5. The cloud will continue to gain a share of all things computer - We are seeing more and more companies abandon traditional software and convert their operations to the cloud. This is a great trend for entrepreneurs who can accomplish just as much as big businesses for a lot less expensive cloud-driven solutions. Here is just one example: 2 years ago almost every business used Outlook or some other computer-based email client for its employees. Today we are seeing some companies, especially those with entrepreneurs under the age of 40, switch to web-based and SaaS applications. Google Apps seems to be the most popular for now, but the point is clear - the practices of purchasing expensive software to load on each computer and servers to host all of the company's data are becoming antiquated and cumbersome.

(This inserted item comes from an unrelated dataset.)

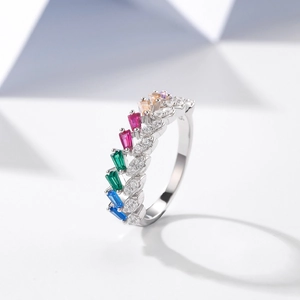 Macro shot of colorful rectangular crystals on S925 silver ring with 925 stamp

6. Social media overload will drive users to the best content sources and filters - Even status updates in LinkedIn are tough to keep up with anymore. The flow of information through social media tools has grown so dramatically that most feel like they are on overload and like it is impossible to keep up. While providers are trying to figure this out, we are all going to be driven to the sources of the best and most reliable content, especially if it allows us to filter it quickly and effectively.
7. Health insurance will continue towards high deductibles and consumer-driven care - I have long been an advocate for high deductible health insurance plans with HSAs or other medical savings accounts. Yet such plans represent such a stretch from traditional health insurance that adoption rates have been very low. It seems like employers and employees alike are warming up to this idea and the popularity of these plans will continue to increase.

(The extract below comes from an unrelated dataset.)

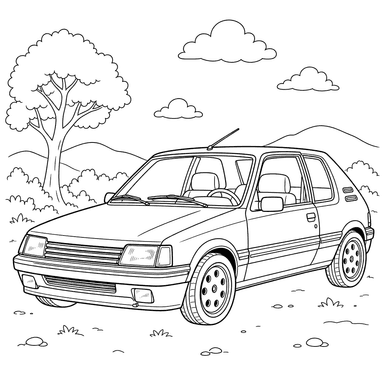 Coloriage Peugeot 205 GTi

8. Being big will become less advantageous to being small - Big will no longer necessarily be better. There are many reasons for this, but here are the main two - small and medium-sized companies are often more flexible and more hungry to satisfy their customers and big-company economies of scale are becoming less relevant. For example, with its use of remote, flexible, and contract workers, Jet Blue is able to do more for its customers than any of its larger rivals - and that is in a very capital-intensive business. Service businesses may find even greater advantages as compared to their larger competitors.

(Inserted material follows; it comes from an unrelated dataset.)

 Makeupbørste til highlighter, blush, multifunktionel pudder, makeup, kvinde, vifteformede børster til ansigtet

9. Focus on relationships will pay- Relationships have been and will always be the key to building a successful business - mainly because they help us establish trust. I've included this on my trend list because it seems like to some the practice of building trust is a lost and fallen art. Obtaining more followers on Twitter and increasing your pool of friends of FaceBook are only relevant if we build relationships in the process. We will see relationships and trust-building come back to the forefront of business as filtering tools allow us to connect with those who matter most and with whom we want to foster and strengthen our relationships.
10. Knowledge workers will take more contract and less full-time work - This recession is helping to accelerate our economy to more of a knowledge-based worker model. These knowledge workers are finding more benefits in contract and part-time work. Some appreciate the flexibility, while others feel their value-added to and sustainability in these roles are more secure and potentially more profitable.